Troilus (Troilus and Cressida)

Troilus has a deeply hidden secret. He doesn't want to talk about it, so the audience, and the people in the play (with one exception) don't know what it is. I myself am not ready to talk about it yet.

Oh, all right! I'll explain.

When Troilus gets into bed with Cressida, the event he had so openly longed for, he is impotent. He can't perform.

Shakespeare has prepared us for this. When Troilus inagines what the experience with Cressida will be like, he says

TROILUS
I am giddy; expectation whirls me round.
Th' imaginary relish is so sweet
That it enchants my sense; what will it be
When that the wat'ry palate tastes indeed
Love's thrice-repured nectar? Death, I fear me;
Swooning destruction; or some joy too fine,
Too subtle-potent, tun'd too sharp in sweetness,
For the capacity of my ruder powers.
I fear it much; and I do fear besides
That I shall lose distinction in my joys;
As doth a battle, when they charge on heaps
The enemy flying.    (III.2.16-27)
Troilus says that the thought of his encounter with Cressida does not produce in him arousal: it produces fear, Specifically it produces a fear of death.

Troilus has other problems related to sex. He's afraid lest his father and older brother should even suspect that he's thinking about Cressida:
TROILUS
I was about to tell thee: when my heart,
As wedgèd with a sigh, would rive in twain,
Lest Hector or my father should perceive me,
I have, as when the sun doth light a storm,
Buried this sigh in wrinkle of a smile.
But sorrow that is couch'd in seeming gladness
Is like that mirth fate turns to sudden sadness.    (I.3.32-8)
Why on earth should Troilus, a grown man, be frightened at the possibility that his father and brother should learn he is in love? I answer is that Shakespeare has transferred to Troilus his own fear of sex. He had long outgrown it by the time he wrote Troilus and Cressida, but he remembered it.

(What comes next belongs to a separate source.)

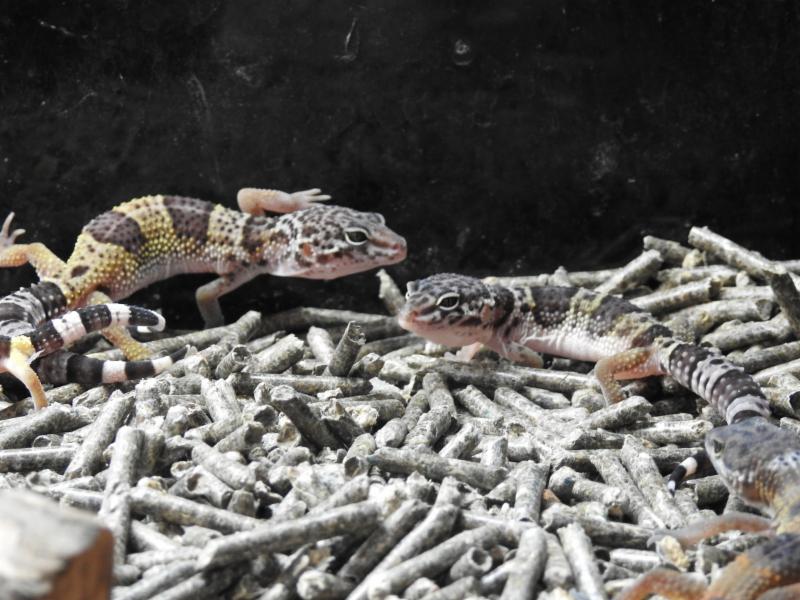 Pet Lovers Makes Neighborhood Safer and Friendlier Animal Lovers Pet Shop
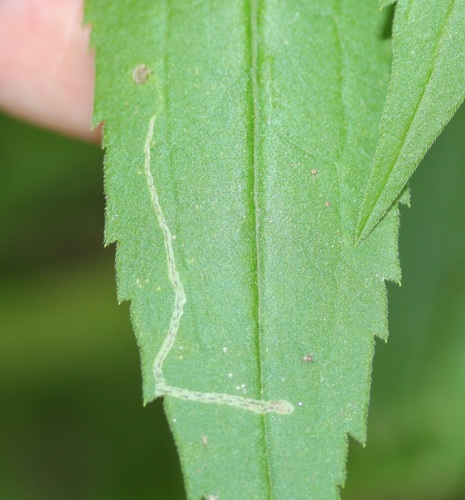 Liriomyza eupatorii photo 3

It is generally agreed that Hamlet has an Oedipus complex, that is, Hamlet has the desire to have sex with his mother and kill dad--and the consequent fear that dad will find out, and castrate Hamlet. Hamlet, like some men, didn't outgrow his Oedipus complex as a child. He desires Ophelia violently, and he fears her violently, because buried in his subconscious somewhere is the fearful idea that any sexual encounter with her will somehow lead to his own death.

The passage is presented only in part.